> [WHAT IS REQUIRED] Starting at the line that contains "LeisureMod Nervo Modern", write out every line through the end of the records below exactly as it appears, and leave out all pictures.

> [THE DATA]
• • •

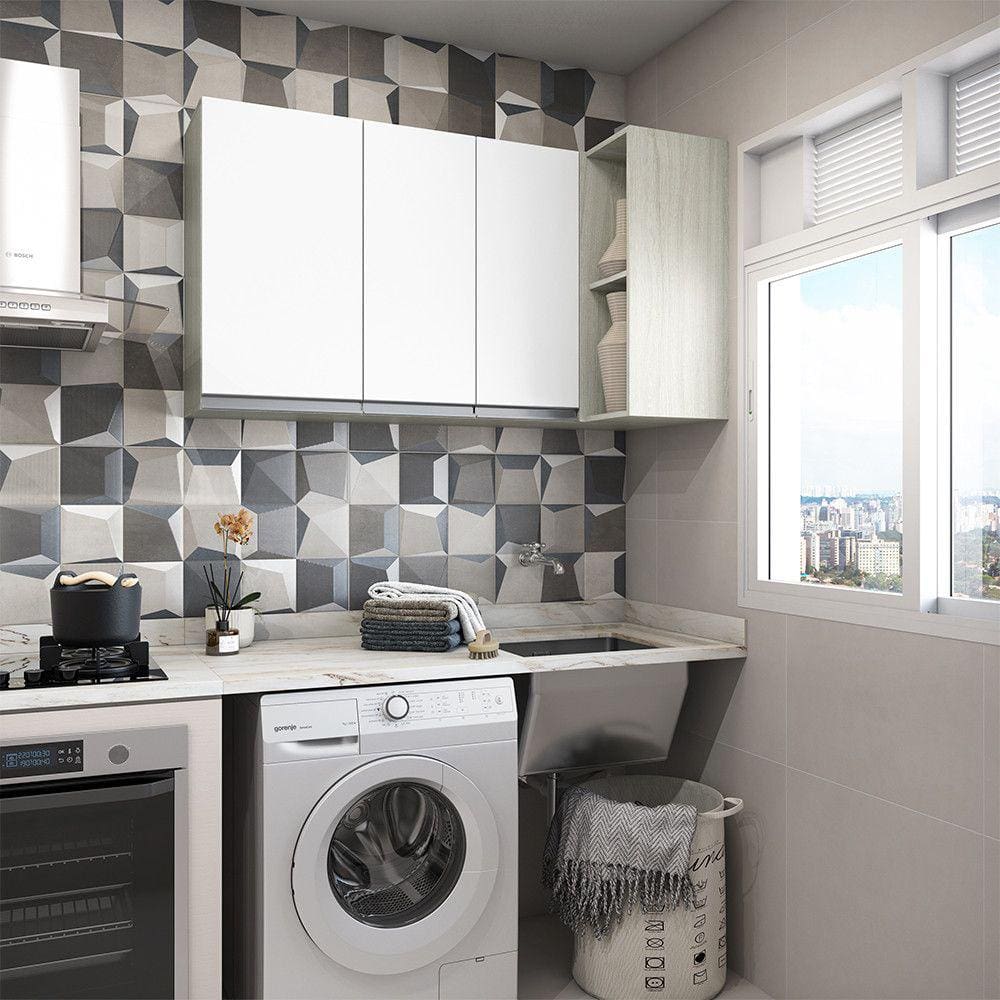Lavanderia 2 Peças Lis Legno Crema com Branco Mat Luciane Móveis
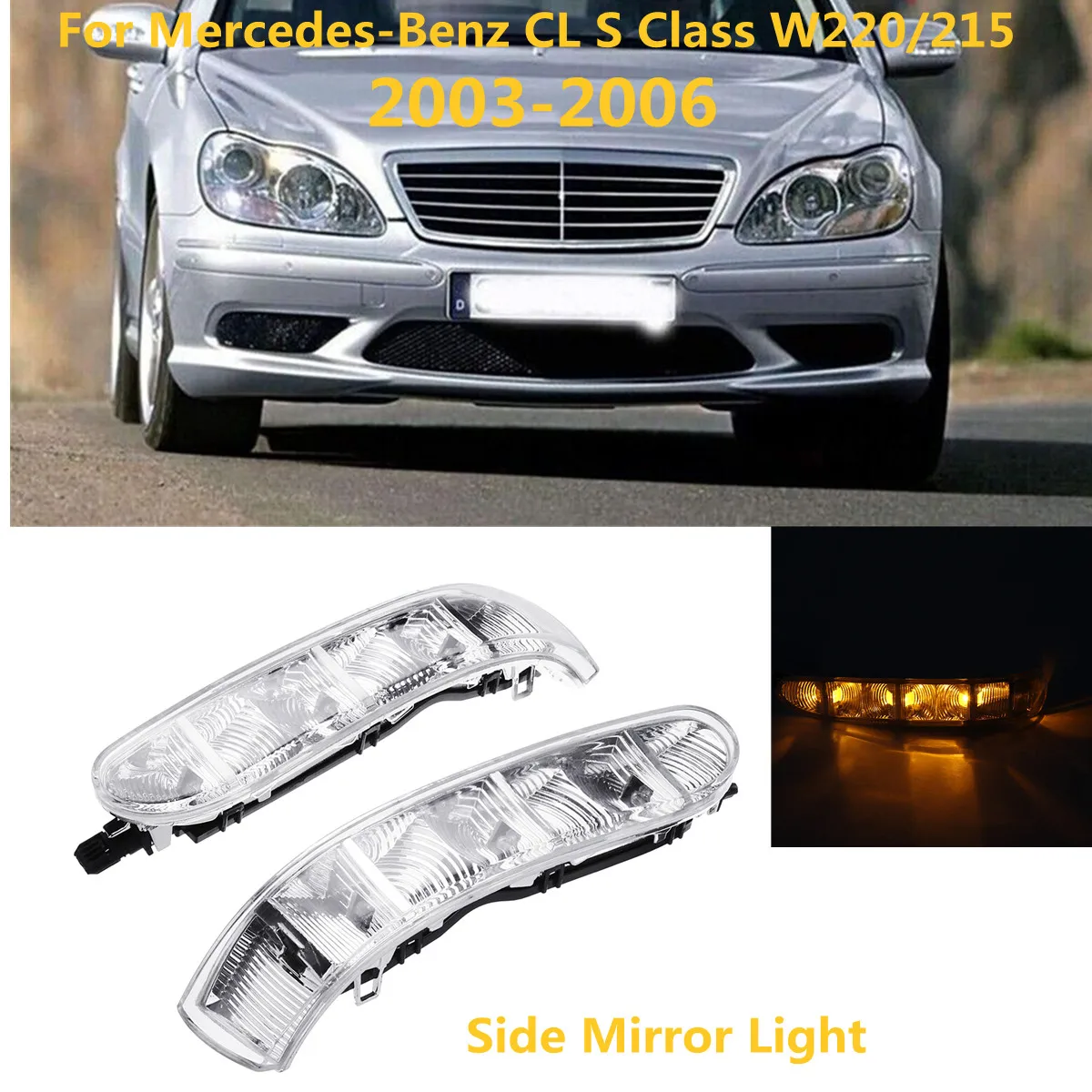 

Для Mercedes-Benz W220 W215 S-Class CL-Class CL500 2003-2006 2x задний зеркальный сигнал поворота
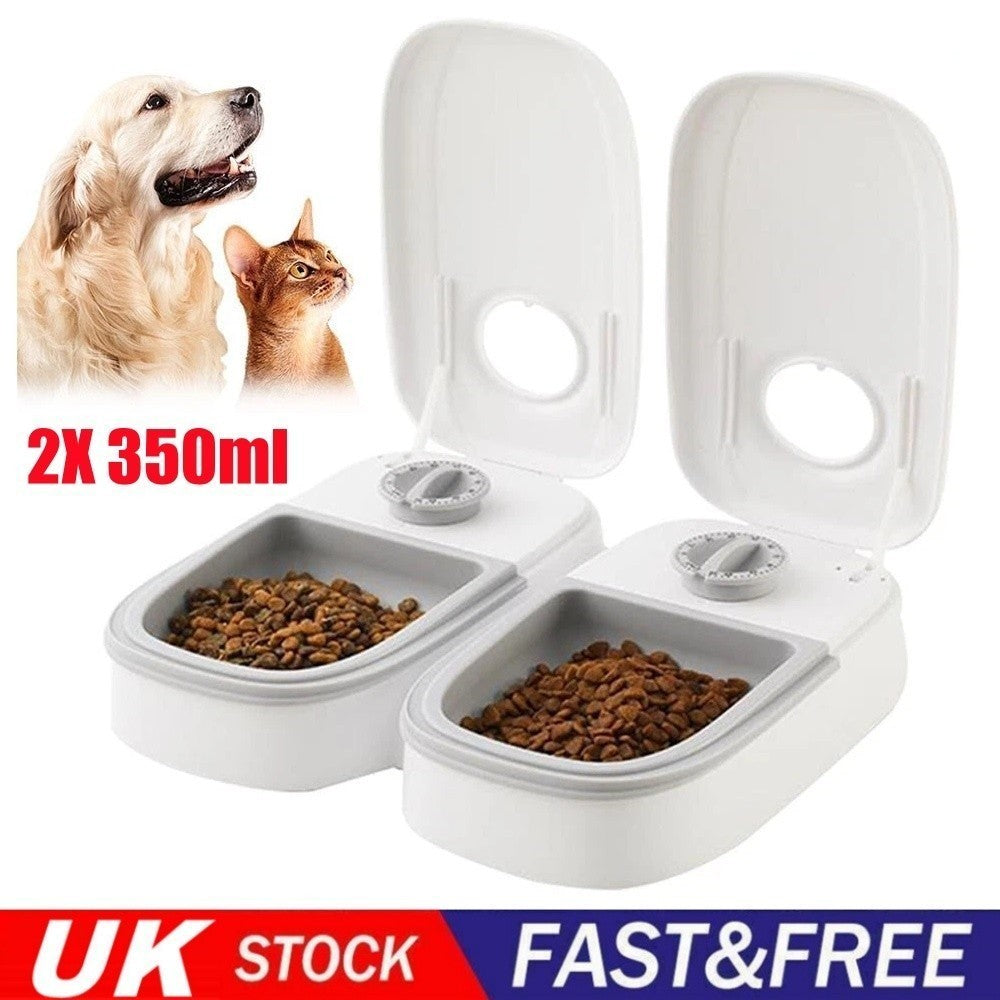 2Pcs Automatic Wet Pet Dog Cat Food Dispenser Cat Feeder Electronic Timed Dry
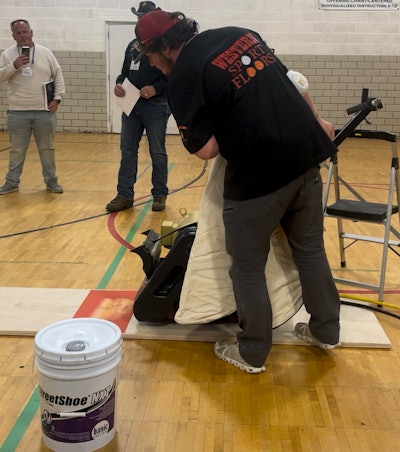 Jared Berg with Western Sport Floors demonstrates how to level and dress a sanding drum.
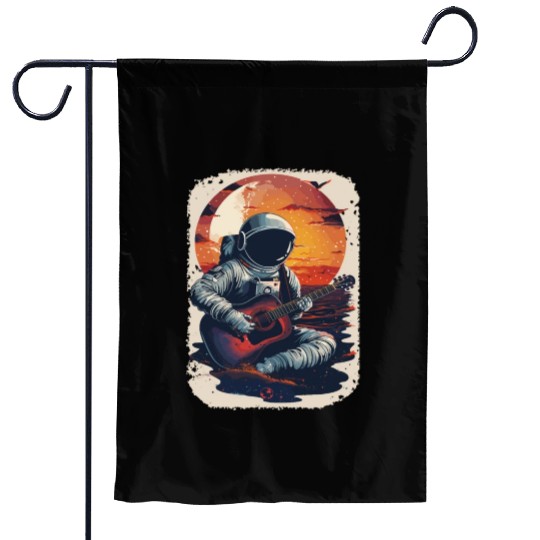 Astronaut Guitar Player Space Music Lover Garden Flags
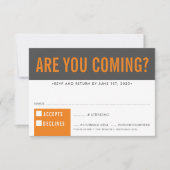 RSVP RÉPONSE fun bold block grey orange (Devant)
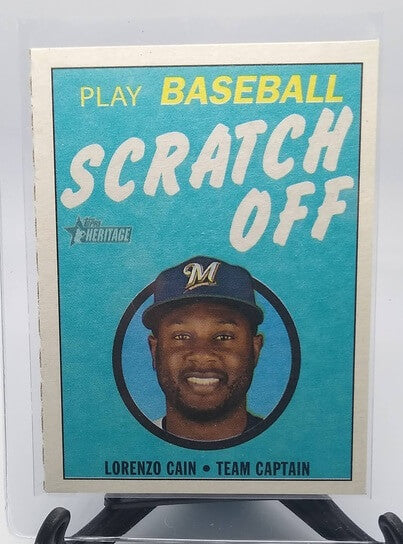 2019 Topps Heritage Lorenzo Cain Scratch Off Baseball Card TPTV simple Xclusive Collectibles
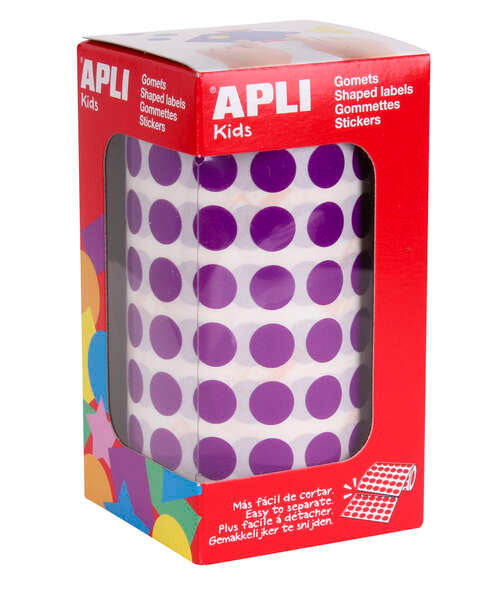 Autocolantes redondos roxos Apli Ø 10,5 mm - 59 folhas pré-cortadas - 5192 autocolantes por rolo - Ideal para escolas e ateliers infantis 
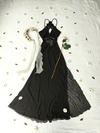 Camisola vintage preta longa e voil - M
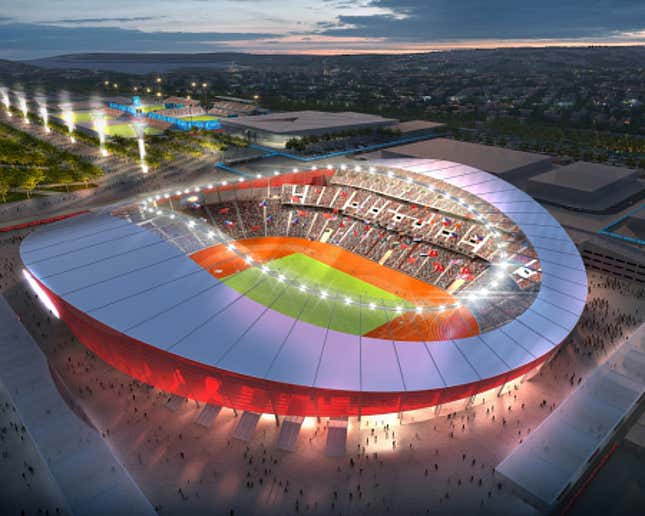 Istanbul’s proposed design will build off of the original structure, which was first erected in 2002. Turkey last year committed an additional $2.5 billion to build 693 new community sports facilities and 25 stadia. The redesign of Istanbul’s Ataturk Olympic Stadium is a key component.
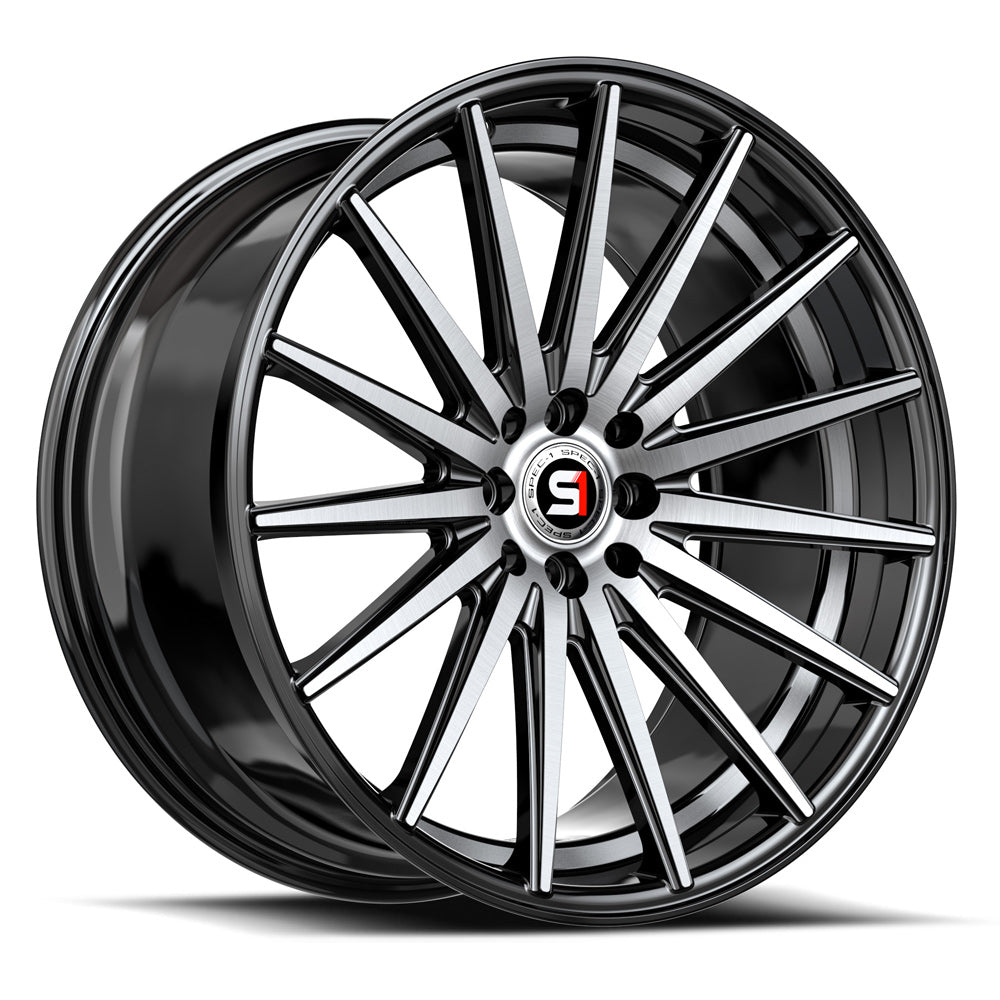 17x7.5 Spec-1 SP-69 Gloss Black & Machined & Undercut Wheel 5x112/5x4.5 (42mm)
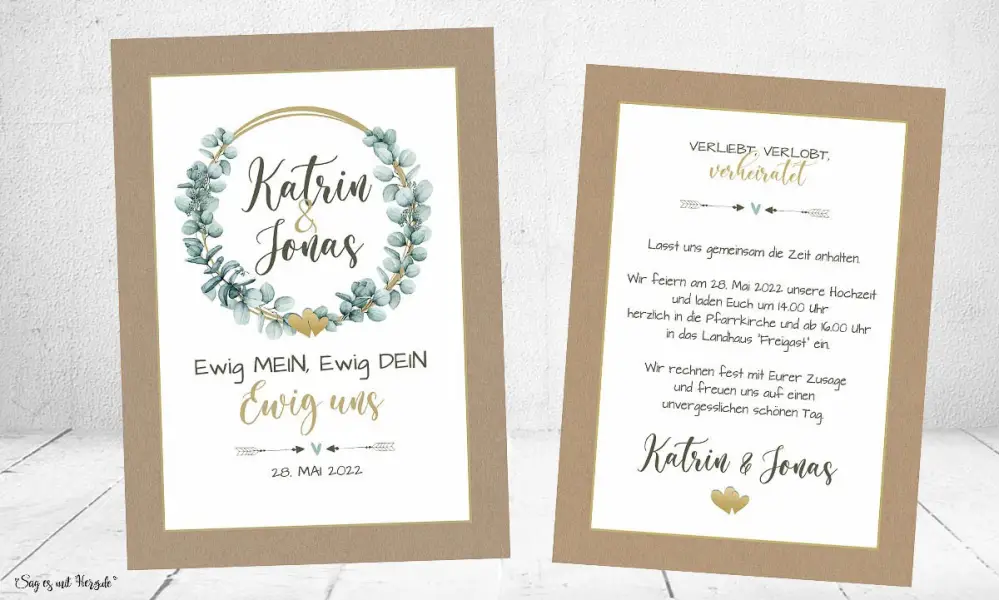 Einladungskarten Hochzeit Eukalyptus Kraftpapier gold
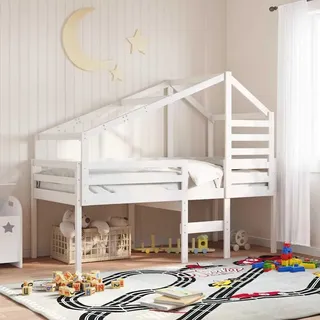 vidaXL Hochbett mit Dach 80 x 200 cm Kiefer massiv weiß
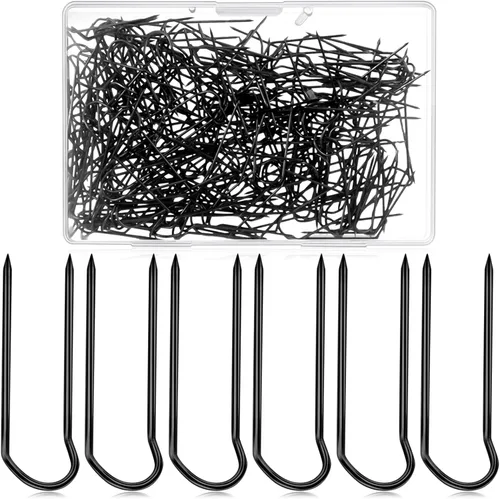 MTLEE 200 horquillas para acolchar, costura, doble costura, bloqueo de acero inoxidable, pasadores en U para manualidades, costura, joyería, Negro
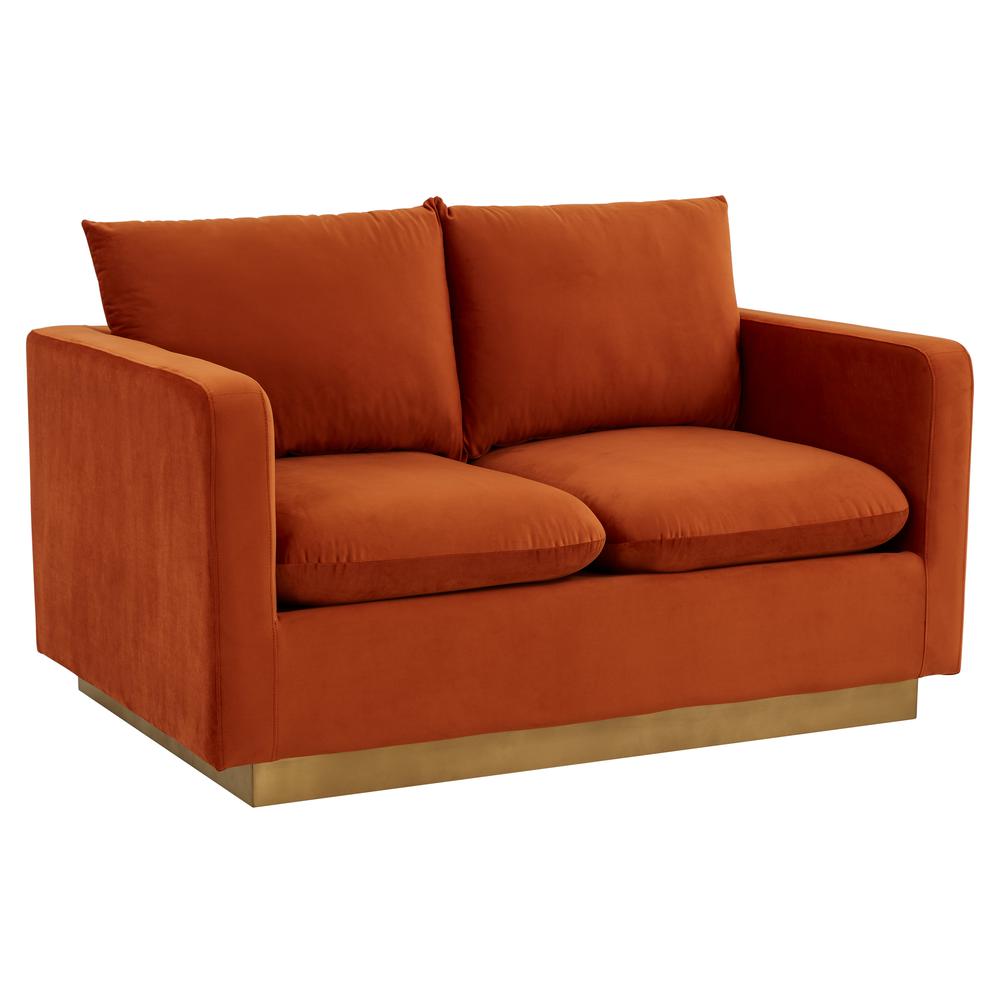 LeisureMod Nervo Modern Mid-Century Upholstered Velvet Loveseat with Gold Frame, Orange Marmalade. Picture 1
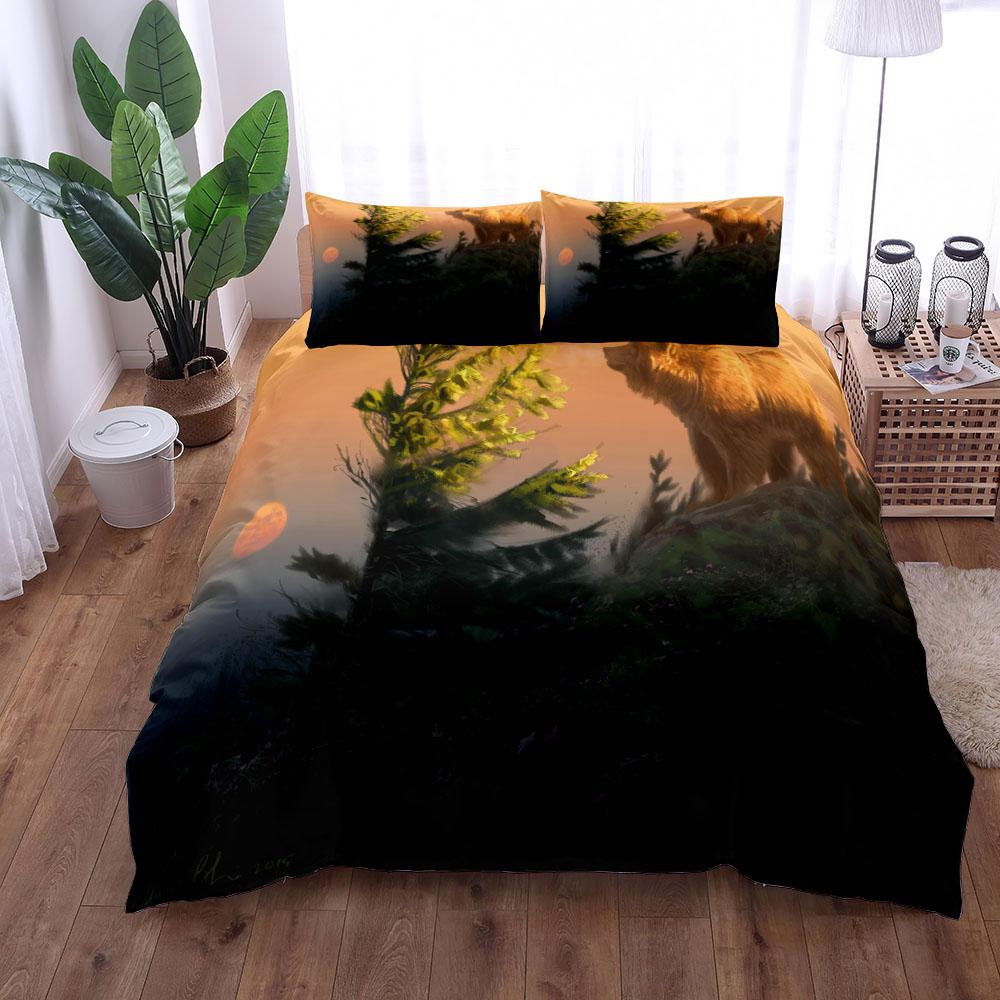 Винтажный комплект постельного белья с изображением дикого медведя и животных для защиты от диких животных, комплект постельного белья размера «king-size», комплект постельного белья «queen-size» для двуспальной кровати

• • •

> [OUTPUT BELOW]
 LeisureMod Nervo Modern Mid-Century Upholstered Velvet Loveseat with Gold Frame, Orange Marmalade. Picture 1
 Винтажный комплект постельного белья с изображением дикого медведя и животных для защиты от диких животных, комплект постельного белья размера «king-size», комплект постельного белья «queen-size» для двуспальной кровати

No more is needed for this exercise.